Esas mujeres (casi) anónimas

Los coruñeses las ven a diario en la plaza, en cócteles culturales o en la calle con sus discretas vidas cargadas de historias

SEÑORA CON UN MANDO DE GRELOS EN EL MERCADO DE SAN AGUSTIN
SEÑORA CON UN MANDO DE GRELOS EN EL MERCADO DE SAN AGUSTIN

Escapan de los focos. Vuelven la cara ante las cámaras. Prefieren no aparecer, ni figurar, ni ser noticia. Pero al mismo tiempo están ahí cada día: en el mercado, vendiendo en las calles, en los cócteles culturales y hasta mendigando en una esquina casi confundida con la pared en la que se apoyan. Las conocen cientos de personas. Son mujeres singulares, trabajadoras, que forman parte del paisanaje de la ciudad. Sin ellas no sería lo mismo. «A ver, ¡léveme uns figos!». Es Julia. Lleva «toda a vida» con su carrito vendiendo fruta, productos de temporada, por las calles del centro de la ciudad. Evoca cómo iba a comer higos a la huerta de su abuela. Ahora no los puede comer. Los que vende este día los adquirió por la mañana en el Mercado Central. La experiencia no ha sido buena: «Non os volvo a coller». Lo comenta mientras los va echando en una bolsa de plástico. Antes apoyó el carrito en la silla de una terraza. Es un equilibrio inestable. «Teño 89 años e aínda vou á terra. ¡Mire como teño as mans esclavas, comenta. Y muestra unas manos callosas, castigadas por el trabajo. Corta hierba. Hace lo que puede. Lo ha hecho toda la vida. Hubo una época, antes de que la refinería se instalara en Bens, en la que trabajaba en una fábrica de telas que había en ese lugar.

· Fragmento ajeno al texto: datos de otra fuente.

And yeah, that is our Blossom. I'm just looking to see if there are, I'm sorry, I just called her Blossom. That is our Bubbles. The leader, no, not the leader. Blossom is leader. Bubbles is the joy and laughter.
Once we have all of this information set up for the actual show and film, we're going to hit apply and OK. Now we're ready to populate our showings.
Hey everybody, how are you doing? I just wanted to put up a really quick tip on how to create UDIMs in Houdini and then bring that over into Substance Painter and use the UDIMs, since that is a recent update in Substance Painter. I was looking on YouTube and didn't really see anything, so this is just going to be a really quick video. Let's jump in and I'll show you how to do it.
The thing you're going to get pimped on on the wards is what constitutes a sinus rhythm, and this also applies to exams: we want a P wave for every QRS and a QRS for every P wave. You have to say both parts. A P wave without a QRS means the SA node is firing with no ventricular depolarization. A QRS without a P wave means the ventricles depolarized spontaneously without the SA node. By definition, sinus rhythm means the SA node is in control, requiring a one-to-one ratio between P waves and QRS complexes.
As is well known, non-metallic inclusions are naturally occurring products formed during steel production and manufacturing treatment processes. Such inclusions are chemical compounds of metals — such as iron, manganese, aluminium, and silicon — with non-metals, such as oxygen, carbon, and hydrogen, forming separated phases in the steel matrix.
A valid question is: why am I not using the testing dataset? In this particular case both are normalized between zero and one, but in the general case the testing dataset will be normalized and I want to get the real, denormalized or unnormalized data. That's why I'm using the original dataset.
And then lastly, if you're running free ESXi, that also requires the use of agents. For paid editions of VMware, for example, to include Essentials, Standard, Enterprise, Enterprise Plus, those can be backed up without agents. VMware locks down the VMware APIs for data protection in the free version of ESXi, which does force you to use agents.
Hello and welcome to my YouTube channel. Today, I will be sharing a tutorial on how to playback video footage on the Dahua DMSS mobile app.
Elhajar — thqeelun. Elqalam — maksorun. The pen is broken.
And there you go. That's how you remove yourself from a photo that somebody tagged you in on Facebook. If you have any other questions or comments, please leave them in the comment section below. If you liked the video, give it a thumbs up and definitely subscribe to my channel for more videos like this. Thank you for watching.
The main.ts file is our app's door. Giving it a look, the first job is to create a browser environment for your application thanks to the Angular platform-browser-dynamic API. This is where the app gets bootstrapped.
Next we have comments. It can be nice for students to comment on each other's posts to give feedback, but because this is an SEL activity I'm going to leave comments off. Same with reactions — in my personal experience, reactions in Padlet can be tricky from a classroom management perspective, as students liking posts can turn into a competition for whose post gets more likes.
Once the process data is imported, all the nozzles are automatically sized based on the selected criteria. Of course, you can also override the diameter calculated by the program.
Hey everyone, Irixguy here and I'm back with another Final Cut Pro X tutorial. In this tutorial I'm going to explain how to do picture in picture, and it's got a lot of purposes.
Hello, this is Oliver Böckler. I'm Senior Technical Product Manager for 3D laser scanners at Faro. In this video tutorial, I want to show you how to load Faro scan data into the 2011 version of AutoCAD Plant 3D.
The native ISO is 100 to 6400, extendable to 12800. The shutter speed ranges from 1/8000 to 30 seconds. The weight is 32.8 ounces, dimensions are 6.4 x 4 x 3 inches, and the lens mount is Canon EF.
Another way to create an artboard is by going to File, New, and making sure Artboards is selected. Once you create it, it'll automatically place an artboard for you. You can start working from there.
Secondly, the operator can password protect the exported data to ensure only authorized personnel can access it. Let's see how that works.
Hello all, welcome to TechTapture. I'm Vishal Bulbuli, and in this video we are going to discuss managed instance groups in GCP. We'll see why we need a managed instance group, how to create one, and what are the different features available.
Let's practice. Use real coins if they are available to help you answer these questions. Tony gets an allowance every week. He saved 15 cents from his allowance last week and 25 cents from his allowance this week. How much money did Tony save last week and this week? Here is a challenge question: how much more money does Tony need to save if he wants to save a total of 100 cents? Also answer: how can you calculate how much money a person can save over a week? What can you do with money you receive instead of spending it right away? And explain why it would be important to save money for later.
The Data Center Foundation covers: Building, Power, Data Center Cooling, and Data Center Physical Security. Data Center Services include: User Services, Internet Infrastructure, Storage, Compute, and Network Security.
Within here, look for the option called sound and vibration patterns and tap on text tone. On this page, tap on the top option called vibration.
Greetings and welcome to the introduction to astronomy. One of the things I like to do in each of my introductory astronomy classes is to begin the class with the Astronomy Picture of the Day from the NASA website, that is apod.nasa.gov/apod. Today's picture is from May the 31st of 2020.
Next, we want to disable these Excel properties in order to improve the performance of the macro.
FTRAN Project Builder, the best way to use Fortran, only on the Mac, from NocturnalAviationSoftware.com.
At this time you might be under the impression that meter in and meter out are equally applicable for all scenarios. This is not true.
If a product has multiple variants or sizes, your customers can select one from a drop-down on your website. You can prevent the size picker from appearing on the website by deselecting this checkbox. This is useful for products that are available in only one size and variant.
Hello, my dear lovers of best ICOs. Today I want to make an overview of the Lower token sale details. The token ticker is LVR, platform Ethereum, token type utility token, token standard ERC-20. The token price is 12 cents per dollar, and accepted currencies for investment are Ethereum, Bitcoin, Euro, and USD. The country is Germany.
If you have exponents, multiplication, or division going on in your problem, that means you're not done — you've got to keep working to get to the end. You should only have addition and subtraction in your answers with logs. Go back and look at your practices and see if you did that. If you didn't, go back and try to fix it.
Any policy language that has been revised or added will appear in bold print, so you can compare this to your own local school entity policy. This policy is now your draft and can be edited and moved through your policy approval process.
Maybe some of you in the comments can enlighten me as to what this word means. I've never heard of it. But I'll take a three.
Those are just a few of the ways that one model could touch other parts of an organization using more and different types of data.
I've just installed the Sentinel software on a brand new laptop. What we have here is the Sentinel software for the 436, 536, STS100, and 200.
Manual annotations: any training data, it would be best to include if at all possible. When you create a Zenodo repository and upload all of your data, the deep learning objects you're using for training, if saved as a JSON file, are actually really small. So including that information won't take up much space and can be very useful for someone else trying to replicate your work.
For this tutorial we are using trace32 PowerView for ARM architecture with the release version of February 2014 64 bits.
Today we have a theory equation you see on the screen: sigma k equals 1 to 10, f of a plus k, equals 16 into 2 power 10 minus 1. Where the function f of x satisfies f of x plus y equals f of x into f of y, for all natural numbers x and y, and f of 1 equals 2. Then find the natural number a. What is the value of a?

Lo cuenta otra persona de la zona que la conoce.

Julia casi ha vaciado todos los higos de la caja en la bolsa. «Pero aínda me queda outra caixa», señala. Saca su báscula, una romana, para pesar la venta. «Hala. Leva quilo e cuarto…». Cobra. Sonríe. Es una buena vendedora. El fotoperiodista Xosé Castro intentó retratarla en varias ocasiones. Ella no quiere. Esconde esa imagen afable. «La achucharía porque es tan tierna y me recuerda a...». Esto dice una persona a quien la imagen de Julia le recuerda a la mujer que la cuidó siendo niña: «Era igual a ella».

Julia sigue con su carrito ofreciendo higos. Luego volverá al vecino concello de Arteixo, del que procede la mujer de los grelos. Así la dieron en llamar muchos después de que saliera en este periódico, en el que aparecía llevando en la cabeza un enorme lote de grelos. La fotografía de Paco Rodríguez fue una de las destacadas de ese año. La imagen se tomó en el mercado de San Agustín, donde ella tiene un puesto. Pensaba jubilarse este verano, pero tendrá que seguir por un tiempo.

En algún momento estaba dispuesta a contar retazos de una vida plena de historias, a recordar aquella niña que venía con un burro desde Arteixo y al llegar a la zona del polígono de A Grela paraba en el peaje. No es que hubiera autopista, lo que había era el fielato, donde era obligatorio dar cuenta de lo que llevaba. Excelentes productos que no solo vendía en la plaza, sino que durante años repartía por casas, puerta a puerta, de la Ciudad Vieja y el Ensanche.

Otra de las casi anónimas es Dolores, una mujer que lleva años asistiendo a los cócteles culturales de la ciudad, desde una presentación literaria hasta una exposición o la inauguración de una galería. Buena conversadora, amante de la música clásica, sorprende por sus conocimientos culturales y gastronómicos: en una ocasión hizo saber a los responsables de una entidad que los pinchos de otra institución eran mejores que los suyos.

Son ejemplos de esas mujeres anónimas que forman parte del paisanaje de esta ciudad y que quizá un día aceptarán ponerse delante de una cámara, de un foco, y dejar de ser casi anónimas para contar sus historias.